SESSION TYPE: Original Investigation Poster

PRESENTED ON: Wednesday, October 26, 2016 at 01:30 PM - 02:30 PM

PURPOSE: Using data from a 2-year RCT, we determined the proportion of SSc-ILD patients with frequent cough, its impact on cough-specific quality of life, correlation with other features of SSc-ILD, response to treatment for SSc-ILD (myclophenolate [MMF] or cyclophosphamide [CYC]) and the correlation between persistence or resolution of frequent cough and changes in physiologic and radiographic measures of ILD severity.

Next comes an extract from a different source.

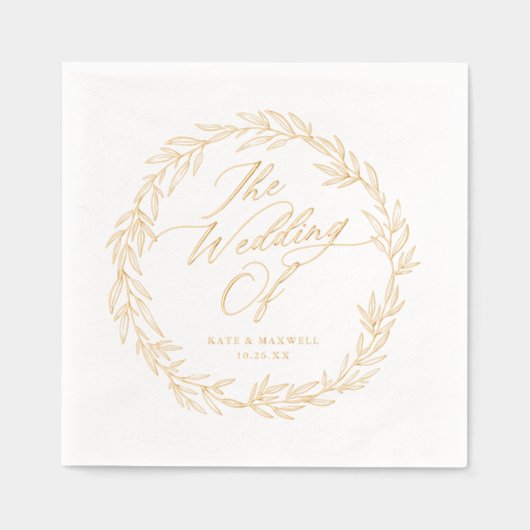 エレガント植物画モダン面の名結婚称日付 箔ナプキン (正面)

METHODS: 142 patients with SSc-ILD randomized into the Scleroderma Lung Study II (SLS II), a double-blind trial of MMF vs. oral CYC in symptomatic patients with progressive SSc-ILD (69 MMF; 73 CYC) underwent assessments of chronic cough (St. George’s Respiratory Questionnaire and Leicester Cough Questionnaire [LCQ], a cough-specific quality of life instrument), gastro-esophageal reflux disease (GERD) (UCLA Scleroderma Clinical Trial Consortium Gastrointestinal Tract questionnaire [UCLA SCTC GIT], breathlessness (Visual Analog Scale [VAS]), other quality of life measures (SF-36), lung function (FVC, DLCO), and extent of lung fibrosis and ILD on thoracic HRCT (QLF and QILD) by quantittive image analysis. All assesssments were repeated every 3 months, except for the HRCT, performed at baseline and 24 months.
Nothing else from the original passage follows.